Qual è il ruolo di LinkedIn Ads in questa discussione di allocazione?

LinkedIn entra come terzo canale stratificato sopra la base Meta/Google per SaaS B2B con ACV 15 k€+ e ICP per job-title specifico. Allocazione tipica SaaS B2B matura a 100 k€/mese totali: 45 % Google, 30 % LinkedIn, 25 % Meta. LinkedIn sostituisce parte del budget Meta quando la precisione del targeting conta più della scala e della varietà creativa. Sotto 15 k€ ACV, LinkedIn raramente regge i conti — restate su Meta + Google. Vedi la nostra [guida LinkedIn Ads SaaS B2B](/blog/linkedin-ads-guide-complet-b2b-saas-2026) per una struttura più approfondita.

Quanto spesso dovrei ribilanciare lo split Meta/Google?

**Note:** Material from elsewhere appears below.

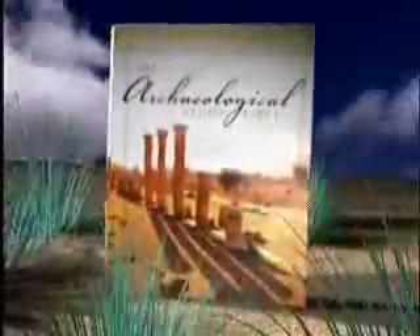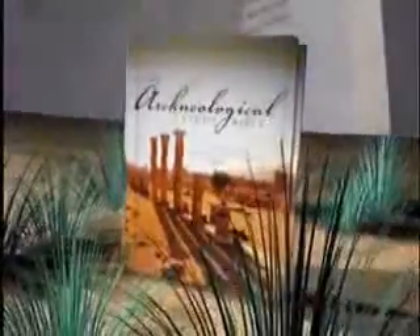New from Zondervan, the Archaeological Study Bible — the Bible that not only gives you the best-selling NIV translation, but page after page offers fascinating and relevant archaeological, cultural and historical information through study notes, articles, photographs and in-text maps, all presented in full color.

Trimestralmente è il punto giusto. Mensilmente crea decisioni a yo-yo sul rumore; semestralmente perde shift reali. La revisione trimestrale copre: CAC blended, CAC payback per canale, varianza di attribuzione post-iOS14 vs i vostri letture MMM/incrementalità, indicatori di affaticamento creativo e dinamiche competitive di categoria. La maggior parte degli account SaaS B2B ben gestiti sposta 5-10 punti percentuali per trimestre; shift sopra i 15 punti indicano solitamente che qualcosa si è rotto (affaticamento creativo, problema landing page, misconfigurazione attribuzione) piuttosto che una vera ricalibrazione strategica.